Have you tested your network with a hack and attack simulator? Your business probably uses a fairly large number of systems on your network, and you are probably the administrator maintaining those systems. One question you may often ask yourself is, “How secure are our servers and desktops?” Or maybe you are the cloud admin of the company. How secure is this cloud?
Did you find the answer to this question?
With Infection Monkey, you might finally be able to get those answers.
With Infection Monkey, you can simulate credential theft, machine hacking, and other security flaws using a user-friendly web interface.

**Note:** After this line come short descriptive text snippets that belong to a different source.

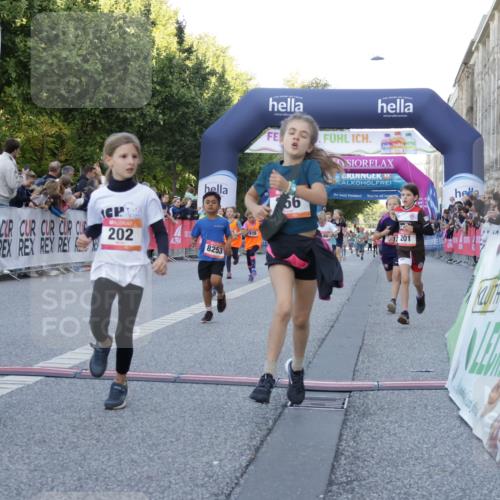06.09.2026 - CURREX Alsterlauf Yannick Fuchs http://msf.ph/oto/10228597 06.09.2026 10:54:06 Ziel 157, 195, 201, 202, 203, 216, 218, 221, 256, 260, 292, 296, 312, 321, 347, 364, 379, 414, 416, 443, 446, 455, 8253 meine-sportfotos.de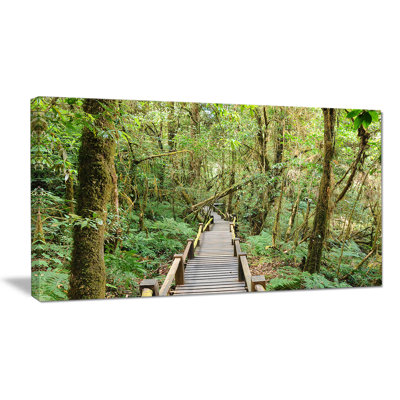 Walk Way in Deep Forest - Reproduction de photo sur toile tendue
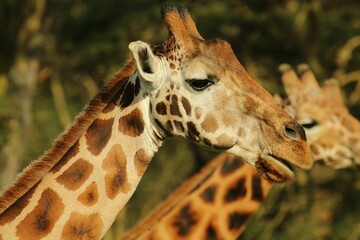 Close up of a giraffe with a blurred background of another giraffe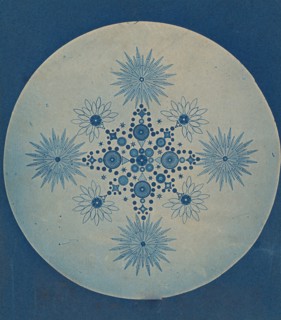 [Frustules of Diatoms], ca. 1870.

Infection Monkey is free, open source and includes features such as:
- Continuous comprehensive testing
- Generating a report
- Attacker visualization
- Scalable to meet your needs
We have already mentioned this tool before:
8 cyber attack simulation tools to improve security
Infection Monkey can be deployed on-premises or on your cloud platform (such as Azure, AWS, and Google Cloud).
No matter where you deploy it, you can use the attack simulation tool.
I’m going to show you the process of installing Infection Monkey on a Debian server to simulate a local network.
What do you need
To deploy Infection Monkey on your network, you need a working Debian server and root access on that machine.
You will also need a .deb installation file, which you can access after registering on the Infection Monkey download page:
How to install Infection Monkey
The installation is actually pretty straightforward.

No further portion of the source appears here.